河川に面してテラスやバルコニーを設けることで、内外を繋ぐ中間のスペースとして機能させています。その中間スペースに面して配置したリビングルームの上部には、屋根の形状を生かした吹抜けを設け、家全体の一体感を演出しています。天井高さが抑えられた吹抜けは、解放的でありながら落ち着きも併せ持ち、家族の気配を感じながらゆったりと過ごせる空間となっています。

 室内は珪藻土などの自然素材による仕上げや、鳥取県産の杉を使用した柱や梁が表されており、シンプルで素朴な表情を見せます。コンパクトな住宅ですが、吹抜けや中間領域によって空間が充実し、実際の面積以上の広がりを感じられる住まいです。

左官壁(塗り壁)と杉板の対比、道路側に葺き下ろした瓦の大屋根が外観を特徴づける。

河川に沿ってテラスやバルコニーなどの中間領域を設けている。

コンパクトな玄関ホール。リビングとの間を区切るのは、軽やかな印象の杉ヒゴ入りの建具。

天井まである大容量の下足入れを造り付け、玄関はコンパクトに設計。

河川に向かって開けたリビングルーム。キッチンや和室と繋がって一体的な空間に。

LDKの道路側はプライバシーを確保し、高所に設けた窓より明かりを取り込んでいる。

来客や家族の宿泊など、多用途に対応した和室。普段はリビングルームの延長として使用。
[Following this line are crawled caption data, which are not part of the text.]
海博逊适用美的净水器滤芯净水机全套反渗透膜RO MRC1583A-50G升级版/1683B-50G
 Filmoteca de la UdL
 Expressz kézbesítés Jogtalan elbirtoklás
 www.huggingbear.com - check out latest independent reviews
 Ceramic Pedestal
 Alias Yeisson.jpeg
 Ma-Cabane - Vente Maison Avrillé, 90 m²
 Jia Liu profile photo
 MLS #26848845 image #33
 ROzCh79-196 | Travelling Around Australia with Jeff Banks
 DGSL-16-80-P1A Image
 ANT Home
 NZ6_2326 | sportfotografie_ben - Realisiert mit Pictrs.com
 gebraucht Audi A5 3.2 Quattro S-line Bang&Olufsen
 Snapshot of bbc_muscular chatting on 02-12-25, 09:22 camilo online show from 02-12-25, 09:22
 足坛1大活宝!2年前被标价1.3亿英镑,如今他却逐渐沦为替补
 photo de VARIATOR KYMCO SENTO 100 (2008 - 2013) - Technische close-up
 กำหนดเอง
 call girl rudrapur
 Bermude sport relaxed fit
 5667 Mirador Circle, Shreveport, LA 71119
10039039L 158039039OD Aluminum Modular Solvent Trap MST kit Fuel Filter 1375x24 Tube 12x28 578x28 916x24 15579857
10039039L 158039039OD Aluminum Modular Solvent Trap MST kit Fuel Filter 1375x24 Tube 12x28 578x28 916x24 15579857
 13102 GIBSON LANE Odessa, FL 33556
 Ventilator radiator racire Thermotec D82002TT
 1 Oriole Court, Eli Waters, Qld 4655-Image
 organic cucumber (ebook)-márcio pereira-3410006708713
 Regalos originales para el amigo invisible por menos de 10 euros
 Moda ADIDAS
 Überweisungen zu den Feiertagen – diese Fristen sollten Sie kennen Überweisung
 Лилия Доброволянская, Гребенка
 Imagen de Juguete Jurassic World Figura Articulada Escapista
葺き下ろした屋根に沿って設けた吹抜け。天井の高さが抑えられ、落ち着きのある空間。

空を見ながら2階へ。

見通しの良い2階の廊下。

1階と2階が吹抜けを介して緩やかに繋がる。

2階の廊下よりLDKを見下ろす。

2階には寝室を配置。屋根を支える骨組みが室内に表れ、素朴な空間となっている。

軽やかな印象の建具。廊下・吹抜けを介して1階と繋がっていく。

屋根裏空間も活用した、大容量のウォークインクロゼット。

2階のバルコニーから河川を挟み、自然豊かな都市公園を眺めることができる。